• [Action item]
Exactly the lines below, starting with the one containing "全球竞技：世界运动赛事的精彩纷呈与深远影响" and going on through the one containing "Plus One Economics", must be reproduced, both ends included, and no pictures with them.

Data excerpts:
----
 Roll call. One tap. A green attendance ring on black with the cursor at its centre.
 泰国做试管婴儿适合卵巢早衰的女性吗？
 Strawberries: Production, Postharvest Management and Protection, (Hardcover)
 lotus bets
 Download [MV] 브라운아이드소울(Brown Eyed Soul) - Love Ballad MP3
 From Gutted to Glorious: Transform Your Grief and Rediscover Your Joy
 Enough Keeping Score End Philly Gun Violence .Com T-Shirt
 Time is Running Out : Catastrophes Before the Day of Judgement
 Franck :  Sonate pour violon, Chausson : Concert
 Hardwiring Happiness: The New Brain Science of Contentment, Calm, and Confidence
----
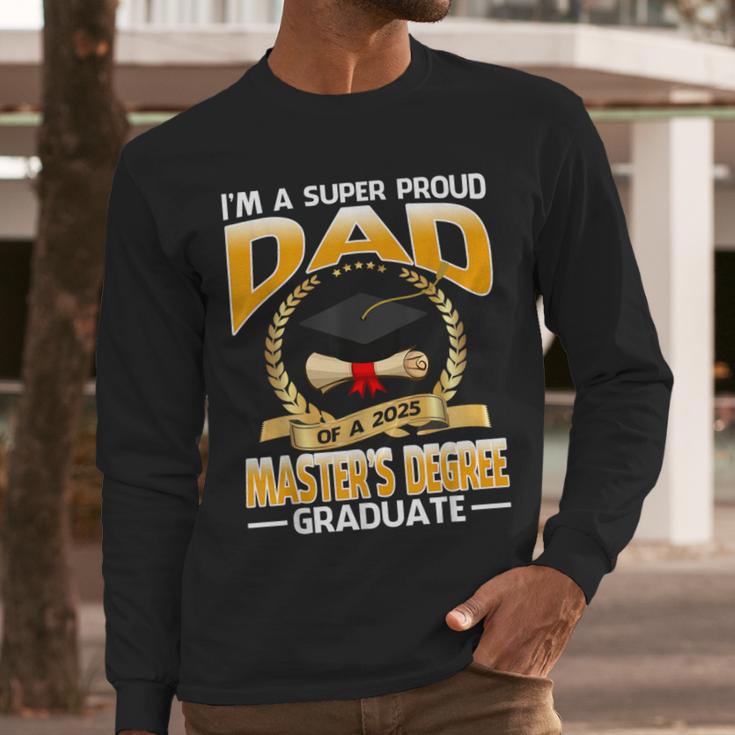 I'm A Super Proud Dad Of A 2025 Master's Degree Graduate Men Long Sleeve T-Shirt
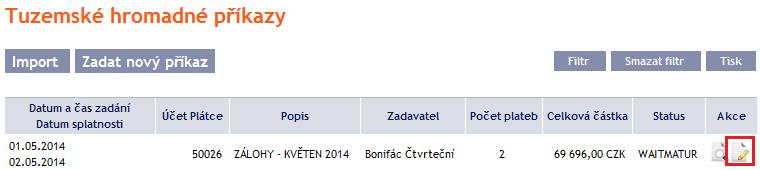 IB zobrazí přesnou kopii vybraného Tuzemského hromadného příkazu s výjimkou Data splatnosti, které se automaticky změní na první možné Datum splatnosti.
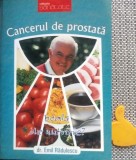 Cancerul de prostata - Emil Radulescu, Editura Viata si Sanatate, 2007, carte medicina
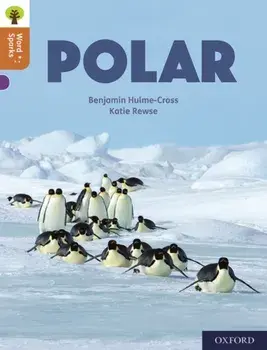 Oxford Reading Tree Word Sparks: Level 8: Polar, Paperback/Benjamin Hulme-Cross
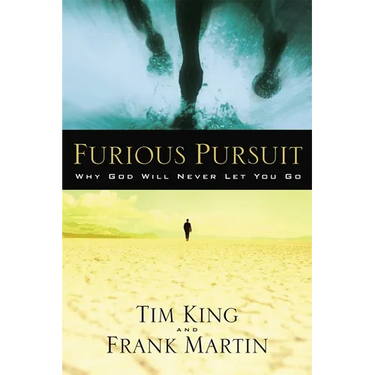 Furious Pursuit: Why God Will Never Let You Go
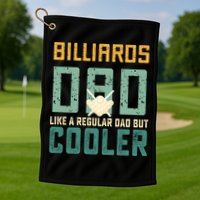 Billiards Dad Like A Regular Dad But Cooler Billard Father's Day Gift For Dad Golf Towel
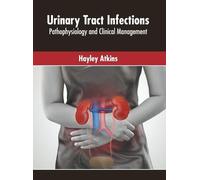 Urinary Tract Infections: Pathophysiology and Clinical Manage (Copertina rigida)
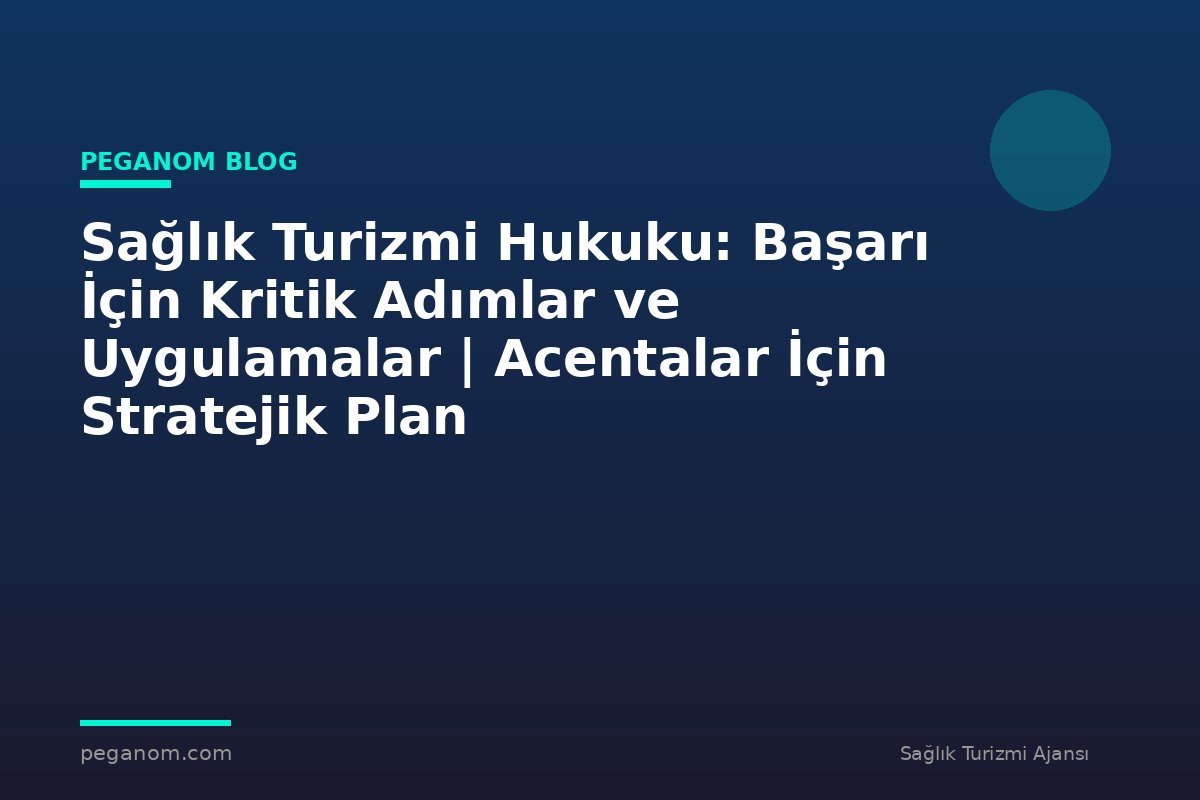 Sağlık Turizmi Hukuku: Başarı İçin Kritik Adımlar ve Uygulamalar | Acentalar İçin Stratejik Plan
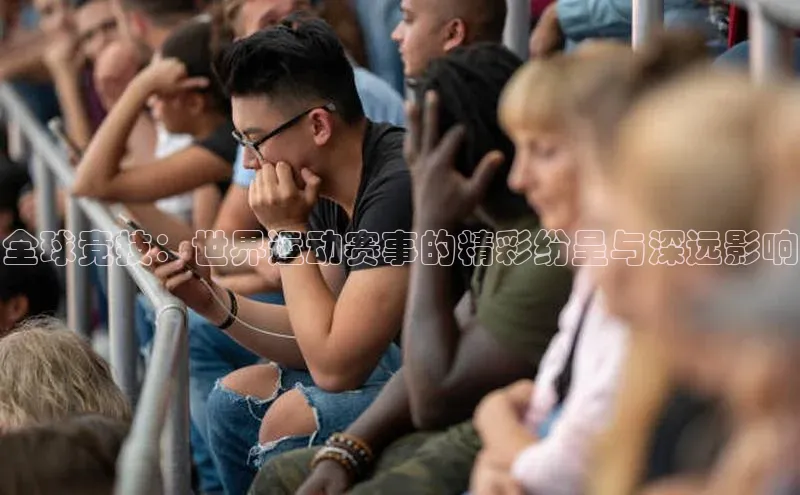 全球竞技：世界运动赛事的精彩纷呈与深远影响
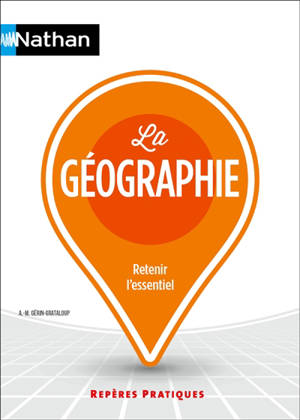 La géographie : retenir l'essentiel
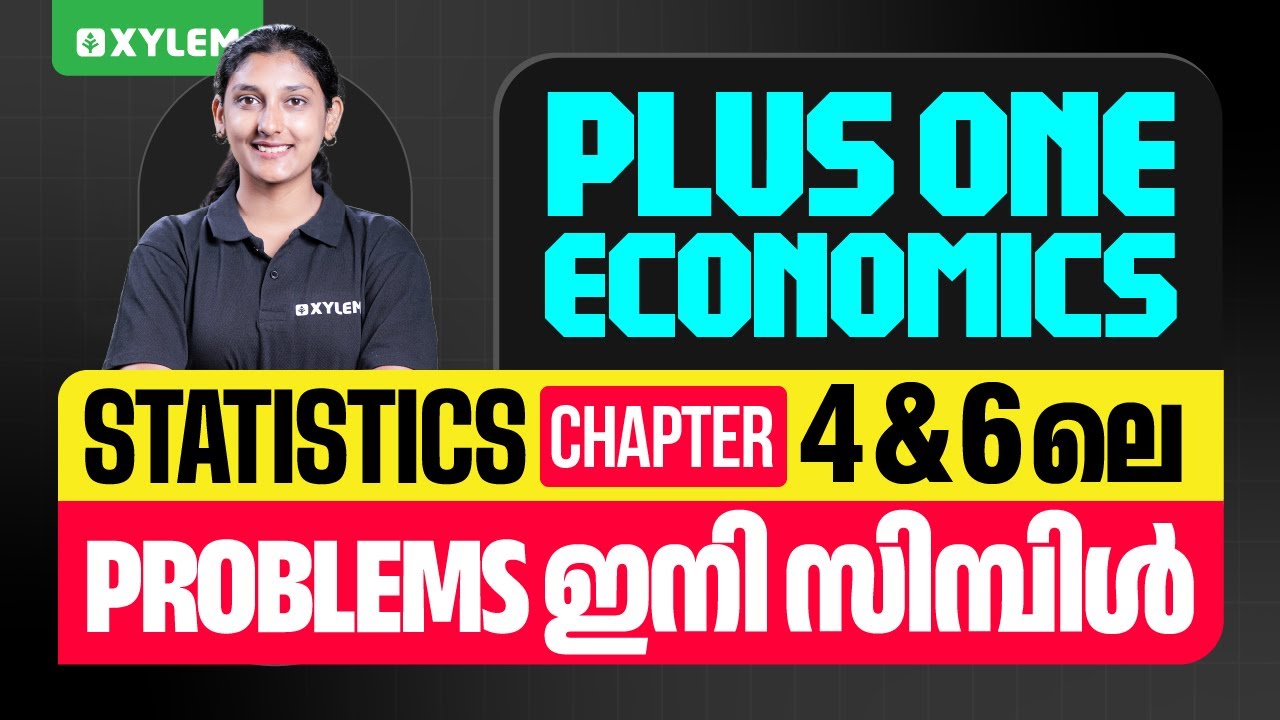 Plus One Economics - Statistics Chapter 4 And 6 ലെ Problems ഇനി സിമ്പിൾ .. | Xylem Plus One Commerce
----
• [Task output]
 全球竞技：世界运动赛事的精彩纷呈与深远影响
 La géographie : retenir l'essentiel
 Plus One Economics - Statistics Chapter 4 And 6 ലെ Problems ഇനി സിമ്പിൾ .. | Xylem Plus One Commerce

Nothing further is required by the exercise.